[Source records]
+ + +
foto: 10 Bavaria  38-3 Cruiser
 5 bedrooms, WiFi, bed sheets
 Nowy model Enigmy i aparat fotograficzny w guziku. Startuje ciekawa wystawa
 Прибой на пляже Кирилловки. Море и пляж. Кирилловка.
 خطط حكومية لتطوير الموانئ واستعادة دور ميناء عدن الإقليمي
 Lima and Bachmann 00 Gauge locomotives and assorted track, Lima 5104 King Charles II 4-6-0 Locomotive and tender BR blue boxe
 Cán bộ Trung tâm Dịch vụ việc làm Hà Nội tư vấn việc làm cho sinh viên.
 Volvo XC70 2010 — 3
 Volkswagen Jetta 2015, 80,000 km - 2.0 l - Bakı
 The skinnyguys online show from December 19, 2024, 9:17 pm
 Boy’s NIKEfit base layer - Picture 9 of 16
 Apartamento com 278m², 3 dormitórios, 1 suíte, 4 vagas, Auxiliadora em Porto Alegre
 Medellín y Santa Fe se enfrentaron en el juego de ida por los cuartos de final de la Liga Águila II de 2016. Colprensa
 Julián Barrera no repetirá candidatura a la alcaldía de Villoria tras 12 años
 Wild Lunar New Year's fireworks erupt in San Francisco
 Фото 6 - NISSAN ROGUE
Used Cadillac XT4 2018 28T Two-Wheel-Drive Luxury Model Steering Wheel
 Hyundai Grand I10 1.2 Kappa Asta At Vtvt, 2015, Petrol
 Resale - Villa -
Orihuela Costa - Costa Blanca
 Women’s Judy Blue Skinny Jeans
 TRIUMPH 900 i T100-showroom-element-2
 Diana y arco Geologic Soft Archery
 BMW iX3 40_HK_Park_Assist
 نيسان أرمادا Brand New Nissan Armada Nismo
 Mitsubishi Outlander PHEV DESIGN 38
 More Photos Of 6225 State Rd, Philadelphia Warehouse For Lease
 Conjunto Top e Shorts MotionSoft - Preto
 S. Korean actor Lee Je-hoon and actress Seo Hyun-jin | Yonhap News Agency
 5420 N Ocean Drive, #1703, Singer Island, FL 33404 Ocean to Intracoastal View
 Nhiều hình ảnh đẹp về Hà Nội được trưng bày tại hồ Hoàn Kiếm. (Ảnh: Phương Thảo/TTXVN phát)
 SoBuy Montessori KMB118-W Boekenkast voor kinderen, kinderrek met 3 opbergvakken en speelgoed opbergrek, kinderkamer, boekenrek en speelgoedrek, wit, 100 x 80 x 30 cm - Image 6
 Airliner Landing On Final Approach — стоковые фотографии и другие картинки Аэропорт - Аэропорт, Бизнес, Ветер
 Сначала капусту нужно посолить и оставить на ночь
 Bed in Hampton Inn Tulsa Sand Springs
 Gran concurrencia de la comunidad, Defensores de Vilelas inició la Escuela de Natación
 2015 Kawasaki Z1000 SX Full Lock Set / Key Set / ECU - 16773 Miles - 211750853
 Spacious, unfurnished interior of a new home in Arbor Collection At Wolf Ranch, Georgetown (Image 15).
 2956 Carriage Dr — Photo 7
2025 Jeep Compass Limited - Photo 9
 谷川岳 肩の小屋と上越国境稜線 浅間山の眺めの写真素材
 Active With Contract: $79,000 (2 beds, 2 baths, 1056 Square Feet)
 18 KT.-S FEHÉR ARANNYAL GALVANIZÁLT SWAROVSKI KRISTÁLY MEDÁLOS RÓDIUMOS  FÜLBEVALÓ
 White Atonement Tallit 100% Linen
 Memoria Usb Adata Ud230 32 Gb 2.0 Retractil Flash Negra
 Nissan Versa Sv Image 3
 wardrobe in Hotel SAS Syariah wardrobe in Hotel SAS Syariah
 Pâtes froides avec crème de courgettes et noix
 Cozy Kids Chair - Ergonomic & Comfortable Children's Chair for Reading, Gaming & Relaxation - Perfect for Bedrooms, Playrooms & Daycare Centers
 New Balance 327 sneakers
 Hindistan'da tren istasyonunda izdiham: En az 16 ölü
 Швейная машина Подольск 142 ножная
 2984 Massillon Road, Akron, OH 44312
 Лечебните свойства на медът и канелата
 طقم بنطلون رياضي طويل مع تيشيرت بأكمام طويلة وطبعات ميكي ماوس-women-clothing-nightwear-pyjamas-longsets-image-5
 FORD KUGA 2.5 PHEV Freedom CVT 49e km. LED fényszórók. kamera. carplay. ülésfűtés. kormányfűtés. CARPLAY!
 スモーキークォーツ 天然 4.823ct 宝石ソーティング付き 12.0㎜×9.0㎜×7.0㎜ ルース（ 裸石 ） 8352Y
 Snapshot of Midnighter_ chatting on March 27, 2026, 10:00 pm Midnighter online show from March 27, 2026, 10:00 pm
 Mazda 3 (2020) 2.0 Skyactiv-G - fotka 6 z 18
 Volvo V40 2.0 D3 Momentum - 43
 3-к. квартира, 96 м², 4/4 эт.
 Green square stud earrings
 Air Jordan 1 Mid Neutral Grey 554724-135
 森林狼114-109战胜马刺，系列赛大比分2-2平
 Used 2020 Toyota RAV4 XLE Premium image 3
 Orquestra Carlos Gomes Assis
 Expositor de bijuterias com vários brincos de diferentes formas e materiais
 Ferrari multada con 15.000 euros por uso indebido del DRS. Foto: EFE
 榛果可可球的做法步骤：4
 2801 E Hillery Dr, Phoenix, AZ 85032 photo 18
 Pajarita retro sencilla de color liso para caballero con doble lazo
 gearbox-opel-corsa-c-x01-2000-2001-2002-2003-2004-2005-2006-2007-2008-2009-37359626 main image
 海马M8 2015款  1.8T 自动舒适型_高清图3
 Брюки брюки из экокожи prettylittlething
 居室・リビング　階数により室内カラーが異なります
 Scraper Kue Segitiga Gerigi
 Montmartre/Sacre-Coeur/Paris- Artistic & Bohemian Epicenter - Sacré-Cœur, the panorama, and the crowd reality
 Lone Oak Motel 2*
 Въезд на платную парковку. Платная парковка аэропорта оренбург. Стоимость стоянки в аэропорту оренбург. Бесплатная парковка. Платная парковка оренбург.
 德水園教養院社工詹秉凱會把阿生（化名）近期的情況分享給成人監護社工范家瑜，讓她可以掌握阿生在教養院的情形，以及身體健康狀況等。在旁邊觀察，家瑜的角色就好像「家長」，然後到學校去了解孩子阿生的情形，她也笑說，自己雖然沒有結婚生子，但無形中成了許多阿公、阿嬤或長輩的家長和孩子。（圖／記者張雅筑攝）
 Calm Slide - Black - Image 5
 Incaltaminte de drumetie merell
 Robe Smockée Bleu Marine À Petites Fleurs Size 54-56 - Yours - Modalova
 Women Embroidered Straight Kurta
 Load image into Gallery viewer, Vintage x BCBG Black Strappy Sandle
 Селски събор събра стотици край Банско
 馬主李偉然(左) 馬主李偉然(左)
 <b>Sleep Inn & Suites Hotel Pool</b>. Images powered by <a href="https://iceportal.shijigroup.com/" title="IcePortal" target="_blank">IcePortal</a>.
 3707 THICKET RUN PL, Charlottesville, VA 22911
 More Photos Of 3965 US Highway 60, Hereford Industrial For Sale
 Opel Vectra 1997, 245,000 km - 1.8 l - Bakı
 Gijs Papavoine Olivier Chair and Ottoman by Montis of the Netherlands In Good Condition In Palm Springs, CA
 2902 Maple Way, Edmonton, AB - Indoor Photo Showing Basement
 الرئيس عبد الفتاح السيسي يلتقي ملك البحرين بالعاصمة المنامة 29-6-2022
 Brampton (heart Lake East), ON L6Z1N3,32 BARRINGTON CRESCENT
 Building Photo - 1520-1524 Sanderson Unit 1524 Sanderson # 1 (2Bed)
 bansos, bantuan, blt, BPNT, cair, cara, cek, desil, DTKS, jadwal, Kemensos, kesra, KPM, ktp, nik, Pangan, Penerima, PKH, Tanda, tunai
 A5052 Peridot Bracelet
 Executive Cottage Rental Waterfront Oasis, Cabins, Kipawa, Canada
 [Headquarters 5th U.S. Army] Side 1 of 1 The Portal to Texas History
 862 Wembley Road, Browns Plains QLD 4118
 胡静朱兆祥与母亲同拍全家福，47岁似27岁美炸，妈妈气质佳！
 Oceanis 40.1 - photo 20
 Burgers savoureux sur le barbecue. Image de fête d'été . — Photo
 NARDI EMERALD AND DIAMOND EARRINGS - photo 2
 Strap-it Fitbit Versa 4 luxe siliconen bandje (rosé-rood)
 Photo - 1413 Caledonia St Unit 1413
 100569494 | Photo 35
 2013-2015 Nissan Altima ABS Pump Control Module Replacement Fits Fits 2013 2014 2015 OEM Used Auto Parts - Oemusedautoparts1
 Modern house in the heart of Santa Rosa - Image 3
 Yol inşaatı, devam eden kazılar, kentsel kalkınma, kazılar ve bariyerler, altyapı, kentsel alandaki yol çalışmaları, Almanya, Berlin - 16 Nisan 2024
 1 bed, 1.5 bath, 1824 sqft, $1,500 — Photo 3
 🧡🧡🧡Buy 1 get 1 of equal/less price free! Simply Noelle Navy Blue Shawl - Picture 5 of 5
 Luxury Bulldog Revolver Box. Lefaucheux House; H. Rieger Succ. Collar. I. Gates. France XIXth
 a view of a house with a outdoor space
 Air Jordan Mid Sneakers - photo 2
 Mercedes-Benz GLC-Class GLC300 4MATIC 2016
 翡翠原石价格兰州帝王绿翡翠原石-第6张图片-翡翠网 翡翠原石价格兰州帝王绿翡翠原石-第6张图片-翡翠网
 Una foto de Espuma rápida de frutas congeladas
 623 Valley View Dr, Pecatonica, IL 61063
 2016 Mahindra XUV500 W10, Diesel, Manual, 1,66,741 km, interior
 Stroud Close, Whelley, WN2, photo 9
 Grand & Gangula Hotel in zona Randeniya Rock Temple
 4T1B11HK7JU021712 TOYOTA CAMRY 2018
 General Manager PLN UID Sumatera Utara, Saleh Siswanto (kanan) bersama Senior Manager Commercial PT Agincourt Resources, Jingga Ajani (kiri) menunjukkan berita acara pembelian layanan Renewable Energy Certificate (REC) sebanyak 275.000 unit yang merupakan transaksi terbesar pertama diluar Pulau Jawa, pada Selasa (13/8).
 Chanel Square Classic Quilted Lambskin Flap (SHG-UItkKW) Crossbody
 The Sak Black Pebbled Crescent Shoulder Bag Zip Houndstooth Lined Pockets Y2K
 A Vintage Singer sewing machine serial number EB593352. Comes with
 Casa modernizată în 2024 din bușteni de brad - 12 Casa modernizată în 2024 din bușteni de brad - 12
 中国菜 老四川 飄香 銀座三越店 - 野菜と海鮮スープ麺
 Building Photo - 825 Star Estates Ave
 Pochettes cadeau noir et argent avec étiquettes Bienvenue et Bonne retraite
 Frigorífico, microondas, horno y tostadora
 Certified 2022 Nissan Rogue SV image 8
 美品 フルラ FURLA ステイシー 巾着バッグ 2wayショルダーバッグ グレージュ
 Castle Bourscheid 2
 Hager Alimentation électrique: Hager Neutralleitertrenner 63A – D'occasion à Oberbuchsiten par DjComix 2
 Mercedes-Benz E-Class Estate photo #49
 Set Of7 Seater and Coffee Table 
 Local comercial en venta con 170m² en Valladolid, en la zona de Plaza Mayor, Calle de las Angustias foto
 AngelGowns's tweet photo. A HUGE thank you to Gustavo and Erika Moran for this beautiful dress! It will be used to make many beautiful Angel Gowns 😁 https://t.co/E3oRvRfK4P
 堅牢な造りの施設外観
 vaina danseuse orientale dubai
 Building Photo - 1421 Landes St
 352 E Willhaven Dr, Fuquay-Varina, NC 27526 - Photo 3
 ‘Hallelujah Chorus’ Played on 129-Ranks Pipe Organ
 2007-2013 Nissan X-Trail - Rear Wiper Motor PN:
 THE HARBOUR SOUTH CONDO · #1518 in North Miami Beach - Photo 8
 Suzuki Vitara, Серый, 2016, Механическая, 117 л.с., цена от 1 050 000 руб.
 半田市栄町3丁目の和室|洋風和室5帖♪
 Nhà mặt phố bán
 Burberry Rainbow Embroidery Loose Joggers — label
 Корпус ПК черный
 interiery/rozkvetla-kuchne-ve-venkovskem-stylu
+ + +
> **What you are asked to do**:
Taking the entries above, write out exactly the lines starting with the line containing "5 bedrooms, WiFi, bed sheets" and going on through the line containing "Lima and Bachmann", both included, and nothing else.

> **Output for this task**:
 5 bedrooms, WiFi, bed sheets
 Nowy model Enigmy i aparat fotograficzny w guziku. Startuje ciekawa wystawa
 Прибой на пляже Кирилловки. Море и пляж. Кирилловка.
 خطط حكومية لتطوير الموانئ واستعادة دور ميناء عدن الإقليمي
 Lima and Bachmann 00 Gauge locomotives and assorted track, Lima 5104 King Charles II 4-6-0 Locomotive and tender BR blue boxe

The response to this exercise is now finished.